Monitoring glaciers with optical fibres

The Rhone Glacier with the researchers’ camp.

Seismic monitoring of glaciers is essential to improving our understanding of their development and to predicting risks. SNSF Professor Fabian Walter has come up with a new monitoring tool in the form of optical fibres. The fibres are capable of monitoring entire glaciers.

​​Glaciers are constantly moving and they therefore need monitoring. Satellite images give clues to their development. By listening to glaciers from inside, seismology enables scientists to understand their movements with greater accuracy. However, because seismometers are difficult to install in glacial areas, seismic monitoring coverage of glaciers is patchy.

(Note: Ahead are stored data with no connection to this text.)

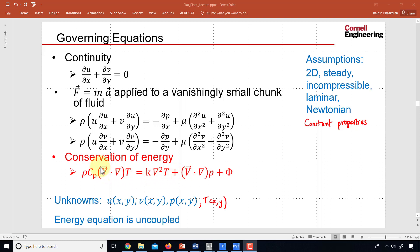For the convection case, let's go into Fluent and turn on the energy equation and get it to solve the energy equation.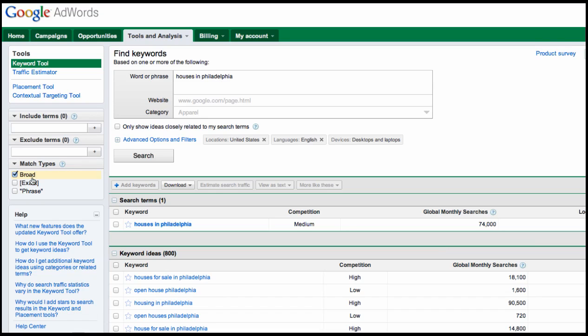Well, broad means it's going to take any synonym of the words that you're using or similar phrases. It's going to guess at other terms that are similar to houses in Philadelphia and give you a grand number down here that doesn't necessarily reflect the term that you typed in up top. So very rarely do I recommend using the broad button, and you're probably thinking, why in the world is that checked off if it doesn't really give us accurate results?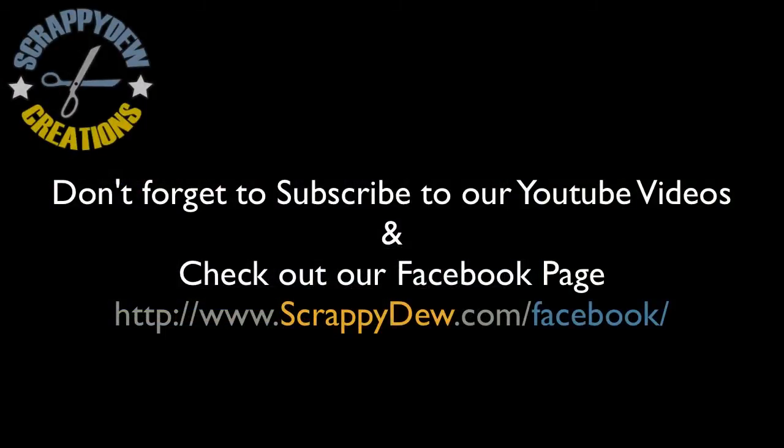So with that, I'm Rob with ScrappyDew.com. Make sure you check our website out as well as our Facebook page. So go ahead and check that out as well. So until next time, I'll see you later. Bye-bye.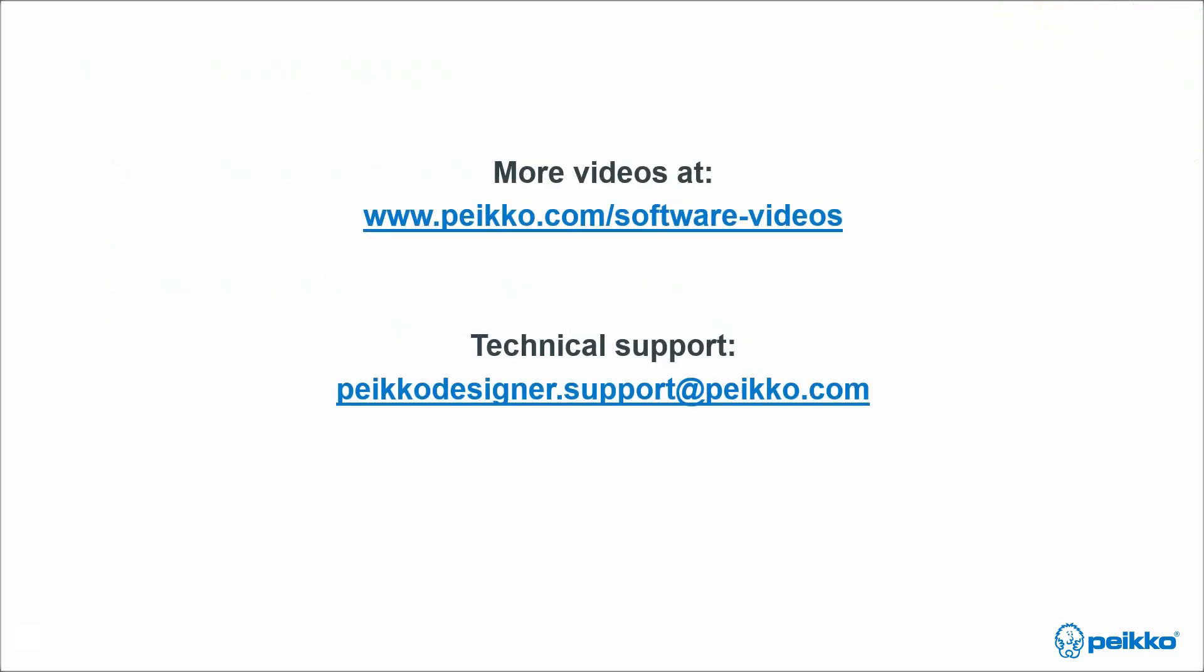If you have any questions, do not hesitate to contact us at pecodesigner.support at peikko.com. Thanks for watching.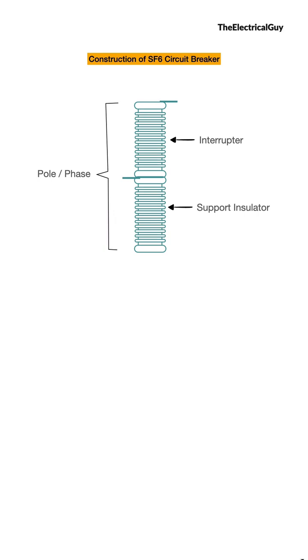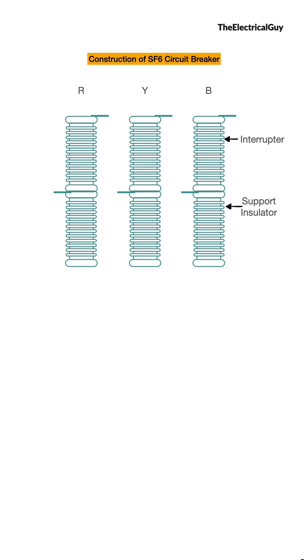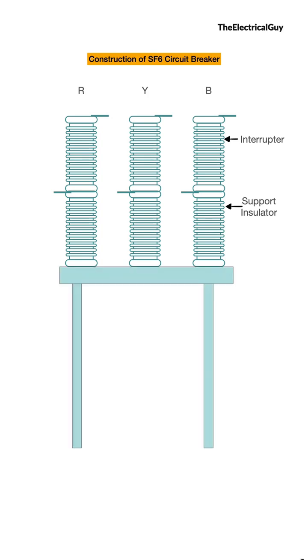So for a 3-phase circuit breaker there will be 3 such poles. All these 3 poles will be mounted on a support structure as shown. The support structure also helps in achieving the required clearances for safety.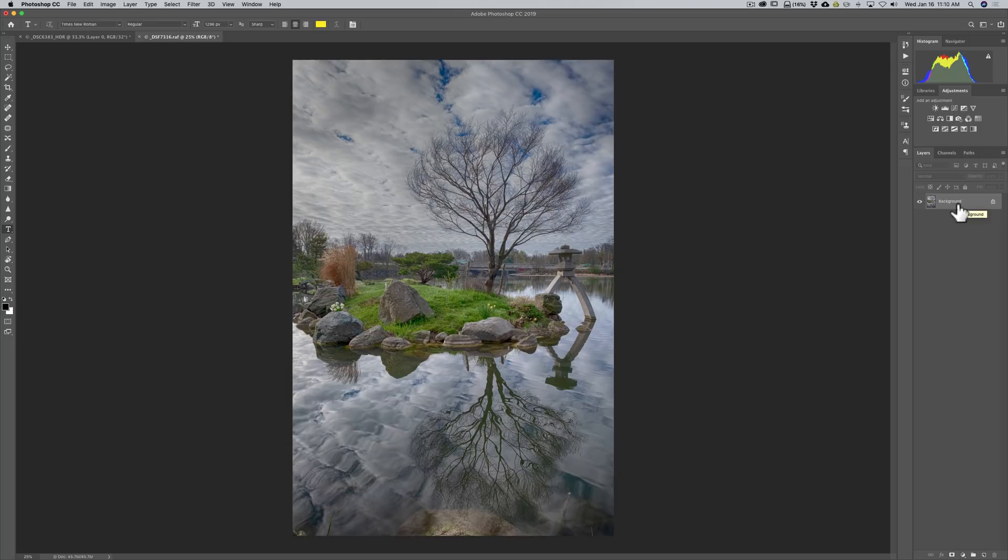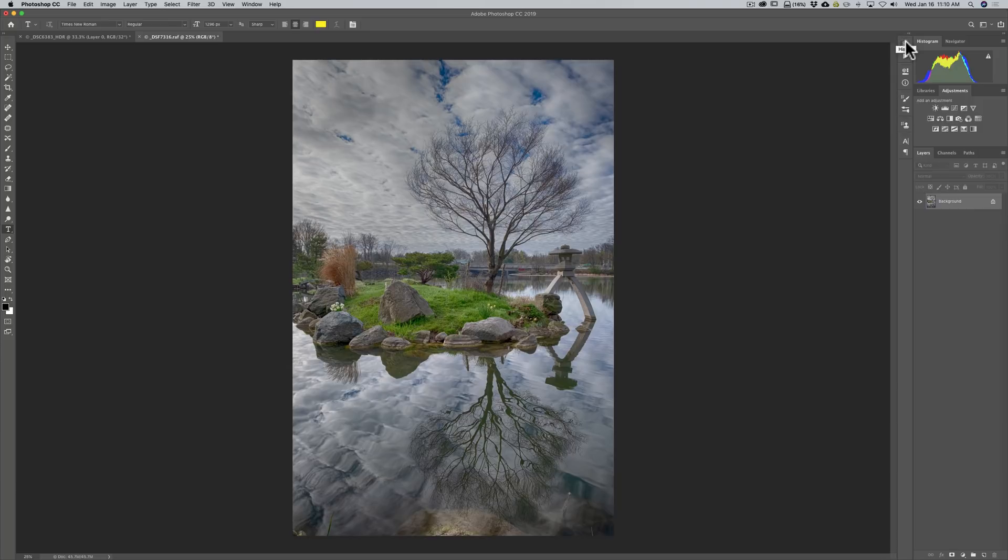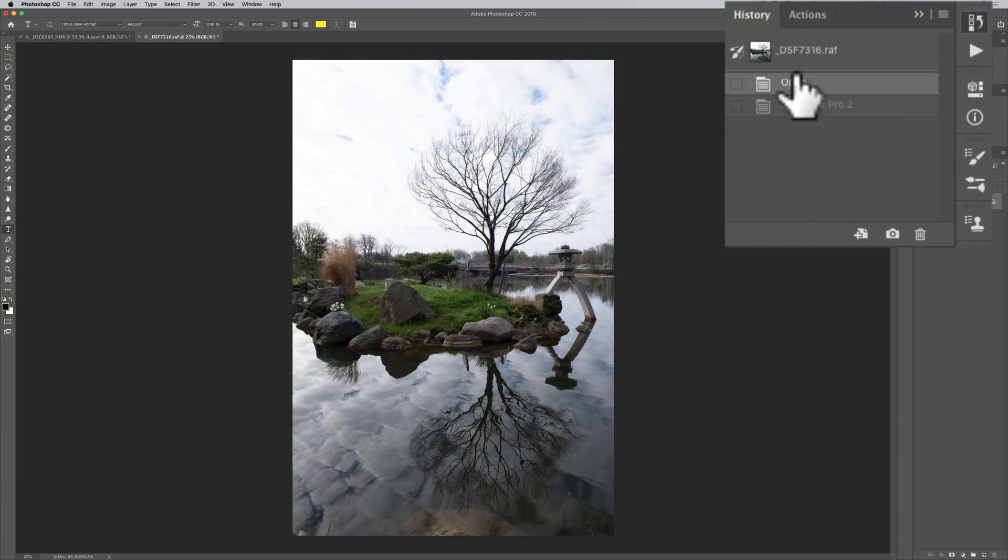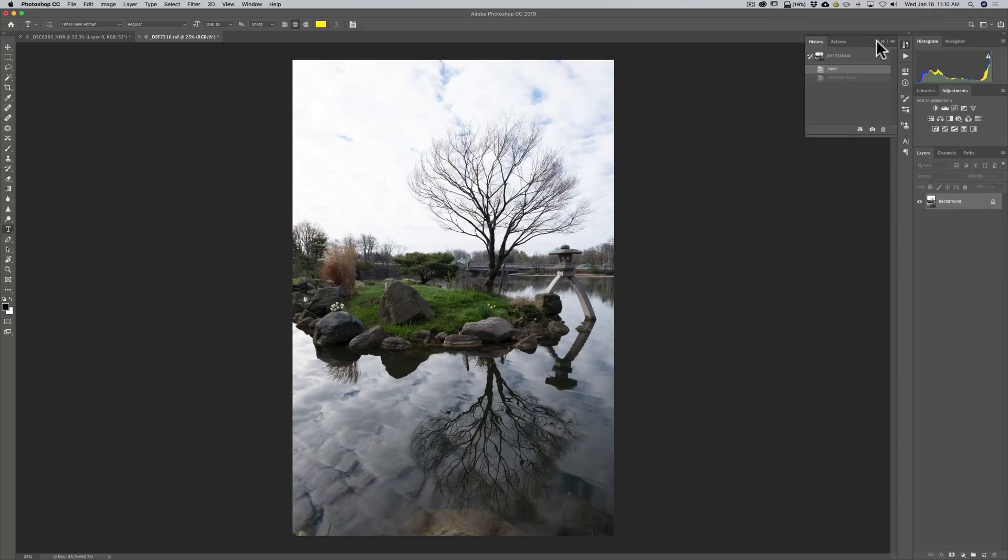But if I would have created a smart object first. Or a smart layer. Then I would have been able to do that. And you know what. Since the video isn't very long. Why don't we do that. So I am going to go back up to history. And we are going to go to open. So this is our unadjusted image. We are back to the beginning.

In a recent study, Fabian Walter, SNSF Professor at ETH Zurich, demonstrated that it is also possible to monitor glaciers using optical fibres. Not only are the fibres easier to install than seismometers, they also offer more measuring points. They thus represent a way of extending seismic monitoring coverage in areas that are difficult to access.

One measuring point every two meters

The study, the results of which were recently published in the journal Nature Communications (*), took place at an altitude of 2,500 metres on the Rhone Glacier in the extreme north-east of the canton of Valais. For five days during March 2019, two teams led by Fabian Walter and Andreas Fichtner, a specialist in seismology and wave physics at ETH Zurich, recorded micro-earthquakes using a 1-kilometre fibre optic cable installed a few centimetres within the snow cover on the glacier surface. Distributed acoustic sensing was used to record disturbances in the optical signal – the result of seismic events within the glacier – at regular intervals of several metres along the cable. The recordings were converted into seismograms.

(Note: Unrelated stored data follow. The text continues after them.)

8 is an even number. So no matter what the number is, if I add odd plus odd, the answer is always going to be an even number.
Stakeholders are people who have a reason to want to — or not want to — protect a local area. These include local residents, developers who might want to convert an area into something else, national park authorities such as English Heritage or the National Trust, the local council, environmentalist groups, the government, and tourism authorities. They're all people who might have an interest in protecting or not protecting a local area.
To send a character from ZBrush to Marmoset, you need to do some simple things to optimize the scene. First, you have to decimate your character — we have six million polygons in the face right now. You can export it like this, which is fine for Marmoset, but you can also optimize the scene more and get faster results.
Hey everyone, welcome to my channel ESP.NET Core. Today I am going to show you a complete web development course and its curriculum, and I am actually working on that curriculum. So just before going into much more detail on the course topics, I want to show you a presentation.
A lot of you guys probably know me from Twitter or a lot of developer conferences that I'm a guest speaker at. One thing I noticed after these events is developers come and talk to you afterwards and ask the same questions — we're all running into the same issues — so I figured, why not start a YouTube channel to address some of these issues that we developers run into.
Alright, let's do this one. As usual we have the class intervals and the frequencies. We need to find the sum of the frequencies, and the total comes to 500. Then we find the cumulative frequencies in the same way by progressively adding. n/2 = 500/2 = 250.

In his study, Fabian Walter reports that having a much larger number of sensors across the same monitoring area – 500 measuring points acted as sensors along the 1-kilometre cable – meant that the data obtained contained more information than those from seismometers, particularly as regards localising rockfalls and icequakes. Moreover, the cable delivered a better understanding of the jerky stick-slip movements by which the glacier moves. New types of seismic waves were identified, something that had not previously been possible with seismometers. Jerky movements of this type were already known to occur in the ice sheets of Greenland and the Antarctic, but this was the first time their existence was rigorously verified in the Alps.

What is happening inside the ice

Optical fibres are already used to monitor earthquakes in certain settings; but icequake specialist Fabian Walter is one of the first scientists to work with this technology on glaciers. “There are other teams already working on the subject – in Alaska, for example – because fibre optic technology offers benefits in this type of challenging environment,” explains the researcher, who conducted his study in partnership with the Swiss Seismological Service at ETH Zurich. “Whereas it often takes several hours to install a seismological station capable of covering only a tiny part of a glacier, all we have to do now is lay out the cable and we have hundreds of sensors. In theory, the technology enables us to cover and monitor entire glaciers.”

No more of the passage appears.